Towards a future free of sexism
19/11/2018 - 15:15
Young people in the city, particularly boys, are the focus of a new awareness and prevention campaign on sexist violence. Their commitment to open and respectful relationships, rejecting any form of gender violence, is essential for building a future free of sexism.
The week of 25 November, the International Day for the Elimination of Violence Against Women, starts with a presentation of the new municipal campaign to prevent sexist violence, aimed particularly at young people this year.
If we are to build a future free of sexism, it’s essential for young people to be at the forefront in the fight against violence towards women. Boys and young men in particular need to be jointly responsible for this change of social model, where free and egalitarian relationships overcome sexist violence. The campaign also highlights more invisible forms of male violence towards women, such as psychological violence and control exerted via new technologies.
More resources to combat sexist violence
In the last four years, municipal efforts to combat male violence towards women have meant a bigger budget to improve and extend care services, both for women who have suffered such violence and for men who have committed it.

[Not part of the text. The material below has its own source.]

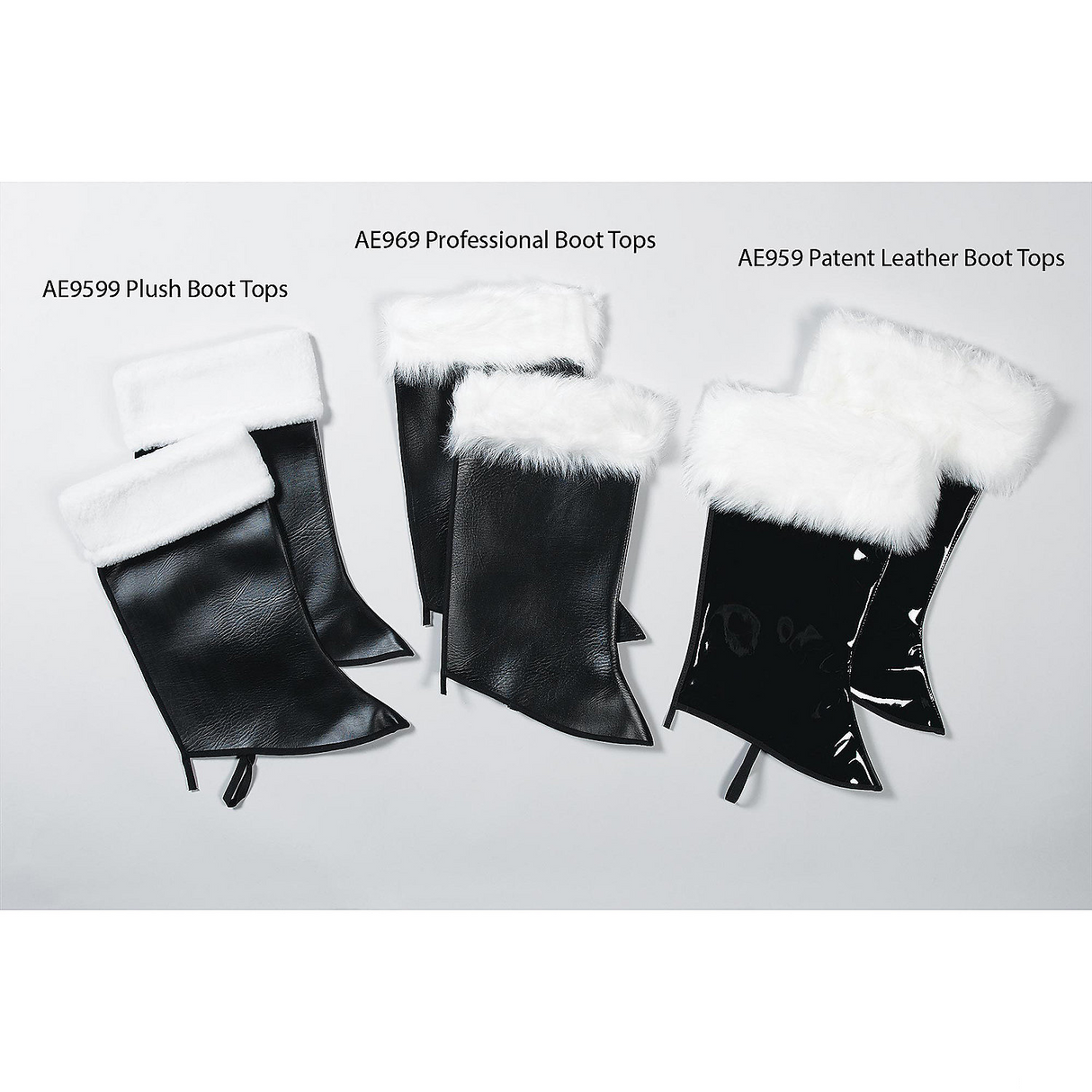 Patent Leather Santa Boot Tops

The Care, Recovery and Shelter Service (SARA) and the Women’s Information and Support Points (PIAD) have become municipally run and the number of professionals working there doubled. This has seen the number of people attended to by the PIAD alone rise from 6,719 in 2014 to 11,769 in 2018. The number of places in safe houses for women and children suffering male violence has also been doubled. At the same time, specific job schemes have been implemented for women who have suffered make violence, with initiatives such as the Làbora programme.
The Men’s Support Service (SAH), which helps men who commit or have committed violence towards women, has increased the number of working hours among its professionals by 91.5%. It has also turned in figures confirming its efficiency when it comes to cutting male violence.

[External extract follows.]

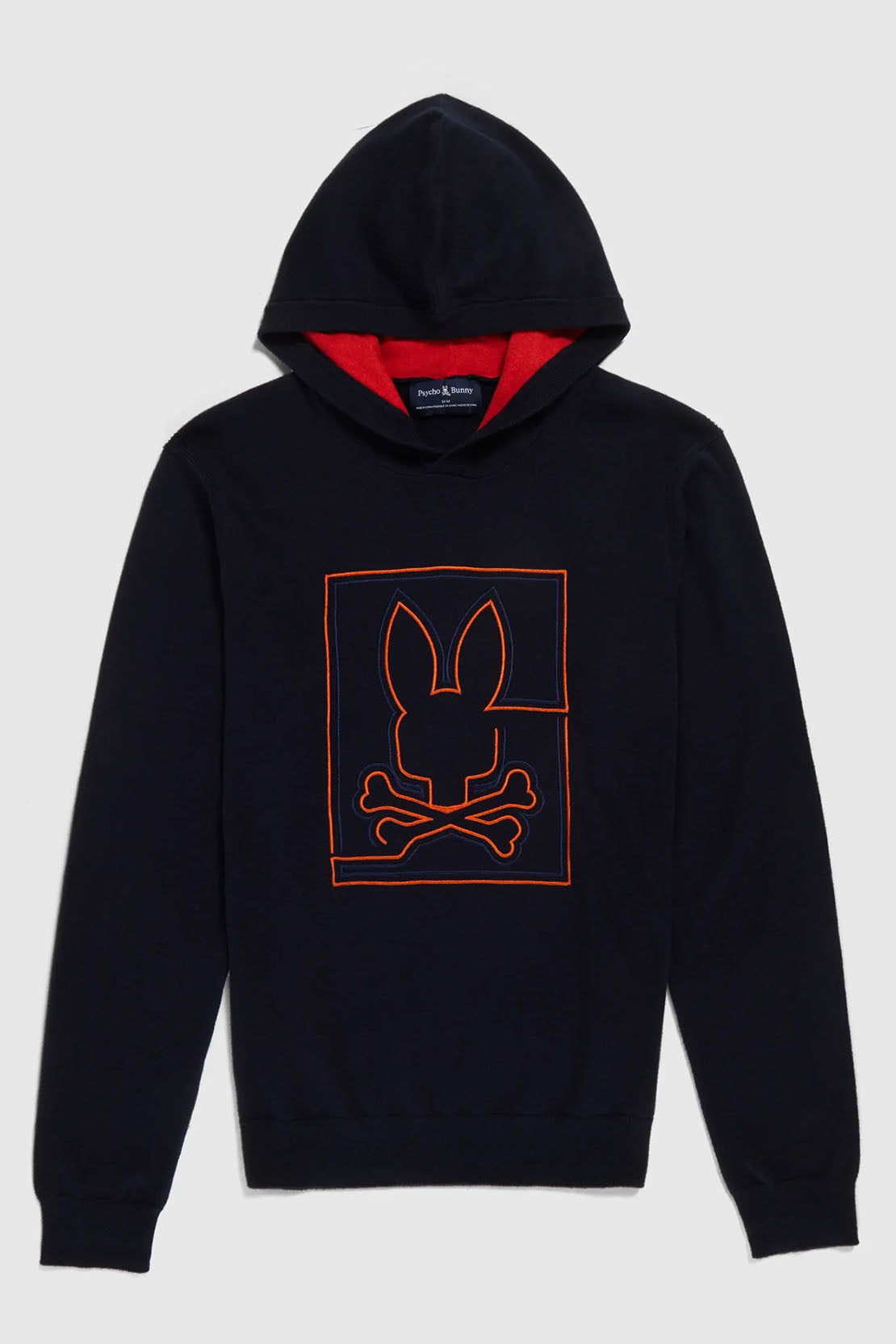 PSYCHO BUNNY - CHESTER Hooded Sweater in Navy Blue B6E520Z1SW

In addition, specific services have been created to provide support for young people in relation to sexist violence. The SARA Jove service is aimed at girls between the ages of 12 and 17 who have suffered male violence, while the SAH Joves attends to teenagers and young men aged between 12 and 21 who start displaying abusive behaviour and sexist violence.
Besides efforts to support people in relation to male violence towards women, a strategy has also been implemented to combat sexism in the city. Firstly, education policies are being strengthened via the Schools for Equality and Diversity network. Secondly, measures are being implemented to detect and prevent male violence at festive events, in nightlife areas and at festivals. The Barcelona Antimasclista stands (known as purple points) during the festivities for La Mercè and the Lali Jove, at local festivals in the districts and on the seafront have offered advice and help to over 30,000 young people since they were introduced.
Similarly, the ‘We won’t keep quiet’ protocol to cut sexual aggressions at night has been applied by nine nightlife venues and five major music festivals in the city. In 2019 the protocol is due to be applied citywide.